___ RECORD SET ___

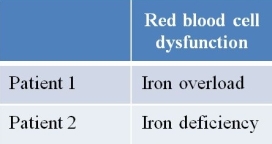 Refer to the figures and table below.     Human blood cell membranes import iron into the cell via receptor-mediated endocytosis.They do this using transferrin receptors to bind the iron-carrier protein transferrin, which carries two Fe<sup>3+</sup> ions per protein molecule.Panel A of the figure above shows two transferrin molecules (T<sub>f</sub>)  bound to one receptor (T<sub>f</sub>R) .Panel B shows the interaction between the regulatory protein HFE and the transferrin receptor, which results in inhibition of transferrin binding to the transferrin receptor.Genetic mutations in transferrin, transferrin receptor, or HFE can lead to red blood cell dysfunctions.How might mutations be involved in the two cases summarized in the table? A)  Patient 1 has a mutation in the transferrin gene that disrupts its ability to bind iron, and patient 2 has a mutation in the transferrin receptor gene that prevents it from binding transferrin. B)  Patient 1 has a mutation in the transferrin receptor gene that prevents it from binding transferrin, and patient 2 has a mutation in the HFE gene that prevents it from binding to the transferrin receptor. C)  Patient 1 has a mutation in the HFE gene that prevents it from binding to the transferrin receptor, and patient 2 has a mutation in the transferrin receptor gene that prevents it from binding HFE. D)  Patient 1 has a mutation in the transferrin gene that disrupts its ability to bind iron, and patient 2 has a mutation in the transferrin gene that prevents it from binding to the transferrin receptor. E)  Patient 1 has a mutation in the HFE gene that prevents it from binding to the transferrin receptor, and patient 2 has a mutation in the transferrin receptor gene that prevents it from binding transferrin.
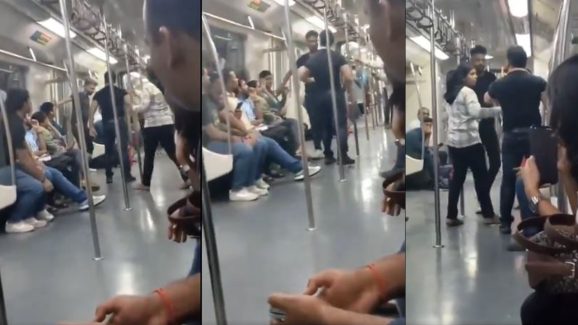 Viral video: ఢిల్లీ మెట్రో.. ఇద్దరు యువకుల ఫైటింగ్, మధ్యలో ఆ యువతి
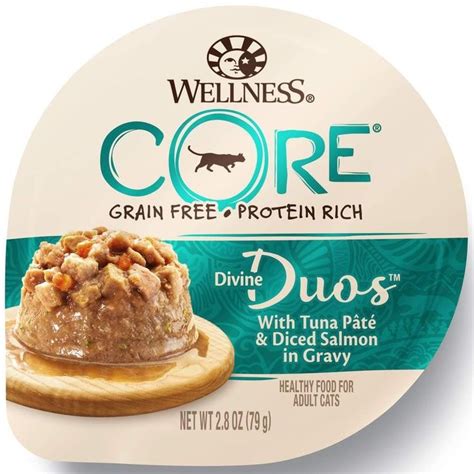 The wellness core focuses on both quality and huh quantities of protein in the right amount. Wellness CORE Divine Duos Tuna Pate and Diced Salmon Grain ...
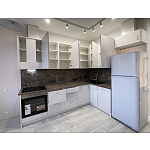 Угловой кухонный гарнитур белый и столешница под мрамор Gene Kitchen Set варинант исполнения - 6 | Loft Concept в Волгограде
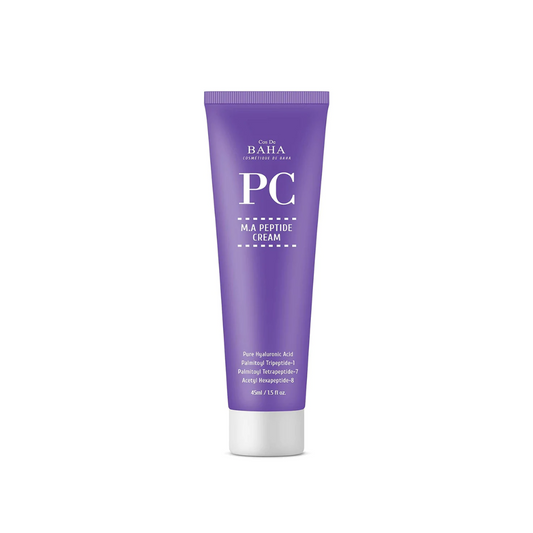 COS DE BAHA (PC) M.A Peptide Cream is an anti-aging moisturizer suitable for all skin types, particularly beneficial for mature skin. It features potent peptides like Acetyl Hexapeptide-8 and Matrixyl 3000, which significantly boost collagen production, promoting firmer and more youthful-looking skin. Niacinamide and Vitamin E help smooth wrinkles and improve skin tone. Ingredients like Aloe Barbadensis Leaf Extract and Sodium Hyaluronate ensure deep hydration, while Argania Spinosa Kernel Oil provides anti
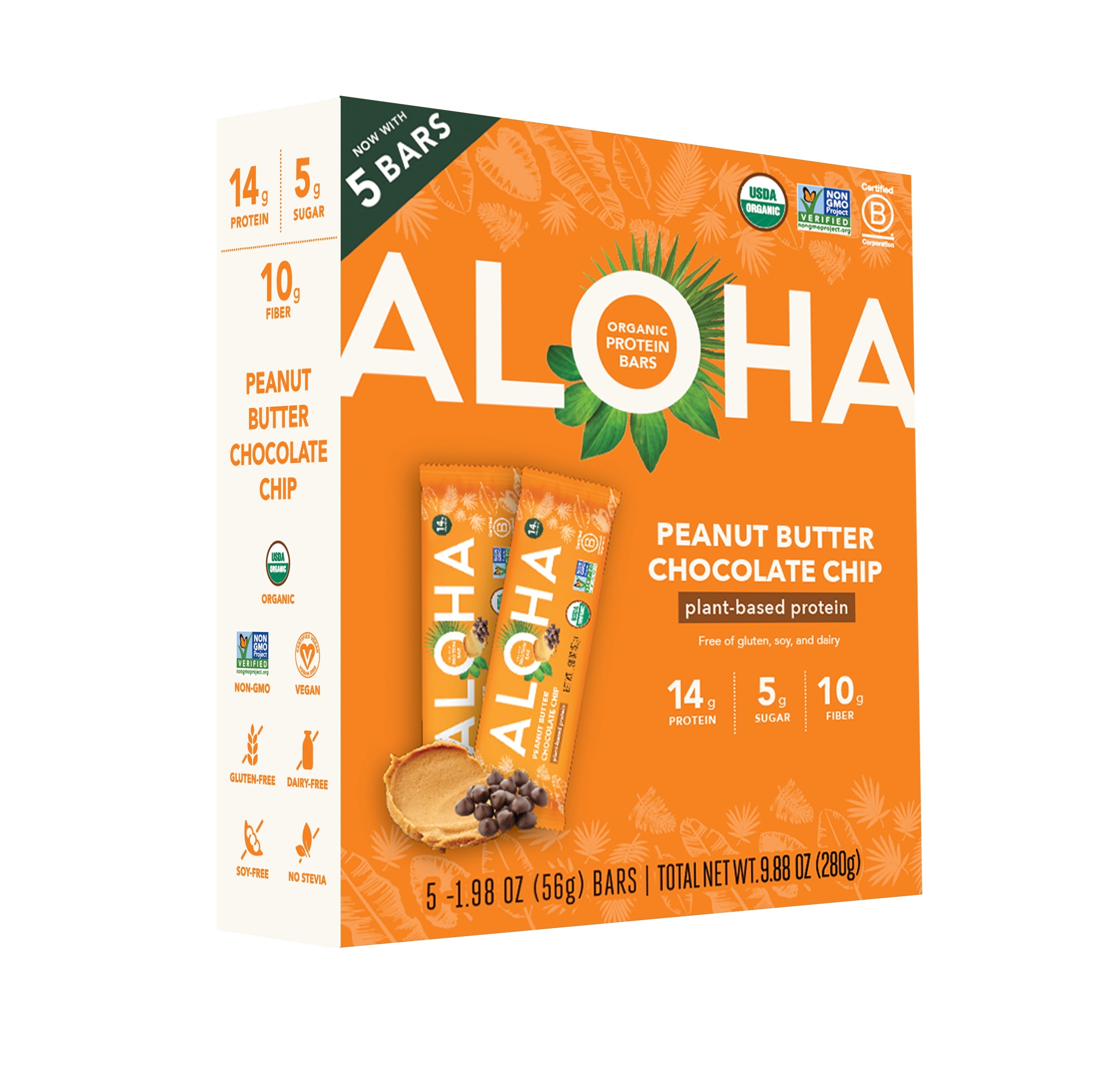 Aloha Peanut Butter Chocolate Chip Protein Bars 9.88 Oz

___

Give back the entries above exactly as they stand. Leave the images out.

 Refer to the figures and table below.     Human blood cell membranes import iron into the cell via receptor-mediated endocytosis.They do this using transferrin receptors to bind the iron-carrier protein transferrin, which carries two Fe<sup>3+</sup> ions per protein molecule.Panel A of the figure above shows two transferrin molecules (T<sub>f</sub>)  bound to one receptor (T<sub>f</sub>R) .Panel B shows the interaction between the regulatory protein HFE and the transferrin receptor, which results in inhibition of transferrin binding to the transferrin receptor.Genetic mutations in transferrin, transferrin receptor, or HFE can lead to red blood cell dysfunctions.How might mutations be involved in the two cases summarized in the table? A)  Patient 1 has a mutation in the transferrin gene that disrupts its ability to bind iron, and patient 2 has a mutation in the transferrin receptor gene that prevents it from binding transferrin. B)  Patient 1 has a mutation in the transferrin receptor gene that prevents it from binding transferrin, and patient 2 has a mutation in the HFE gene that prevents it from binding to the transferrin receptor. C)  Patient 1 has a mutation in the HFE gene that prevents it from binding to the transferrin receptor, and patient 2 has a mutation in the transferrin receptor gene that prevents it from binding HFE. D)  Patient 1 has a mutation in the transferrin gene that disrupts its ability to bind iron, and patient 2 has a mutation in the transferrin gene that prevents it from binding to the transferrin receptor. E)  Patient 1 has a mutation in the HFE gene that prevents it from binding to the transferrin receptor, and patient 2 has a mutation in the transferrin receptor gene that prevents it from binding transferrin.
 Viral video: ఢిల్లీ మెట్రో.. ఇద్దరు యువకుల ఫైటింగ్, మధ్యలో ఆ యువతి
 The wellness core focuses on both quality and huh quantities of protein in the right amount. Wellness CORE Divine Duos Tuna Pate and Diced Salmon Grain ...
 Угловой кухонный гарнитур белый и столешница под мрамор Gene Kitchen Set варинант исполнения - 6 | Loft Concept в Волгограде
 COS DE BAHA (PC) M.A Peptide Cream is an anti-aging moisturizer suitable for all skin types, particularly beneficial for mature skin. It features potent peptides like Acetyl Hexapeptide-8 and Matrixyl 3000, which significantly boost collagen production, promoting firmer and more youthful-looking skin. Niacinamide and Vitamin E help smooth wrinkles and improve skin tone. Ingredients like Aloe Barbadensis Leaf Extract and Sodium Hyaluronate ensure deep hydration, while Argania Spinosa Kernel Oil provides anti
 Aloha Peanut Butter Chocolate Chip Protein Bars 9.88 Oz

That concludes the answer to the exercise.